::: PROVIDED MATERIAL

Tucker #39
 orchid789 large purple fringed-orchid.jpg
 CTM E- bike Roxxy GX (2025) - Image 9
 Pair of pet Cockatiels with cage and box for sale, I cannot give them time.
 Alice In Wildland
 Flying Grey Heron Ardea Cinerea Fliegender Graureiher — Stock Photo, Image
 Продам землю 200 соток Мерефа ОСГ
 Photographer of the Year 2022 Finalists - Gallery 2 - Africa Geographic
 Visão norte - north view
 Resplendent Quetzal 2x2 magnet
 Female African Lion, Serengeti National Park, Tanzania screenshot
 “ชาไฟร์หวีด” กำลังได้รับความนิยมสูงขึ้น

::::::

WORK TO COMPLETE:
Return the data from the top line through the bottom line exactly.

EXERCISE SOLUTION:
Tucker #39
 orchid789 large purple fringed-orchid.jpg
 CTM E- bike Roxxy GX (2025) - Image 9
 Pair of pet Cockatiels with cage and box for sale, I cannot give them time.
 Alice In Wildland
 Flying Grey Heron Ardea Cinerea Fliegender Graureiher — Stock Photo, Image
 Продам землю 200 соток Мерефа ОСГ
 Photographer of the Year 2022 Finalists - Gallery 2 - Africa Geographic
 Visão norte - north view
 Resplendent Quetzal 2x2 magnet
 Female African Lion, Serengeti National Park, Tanzania screenshot
 “ชาไฟร์หวีด” กำลังได้รับความนิยมสูงขึ้น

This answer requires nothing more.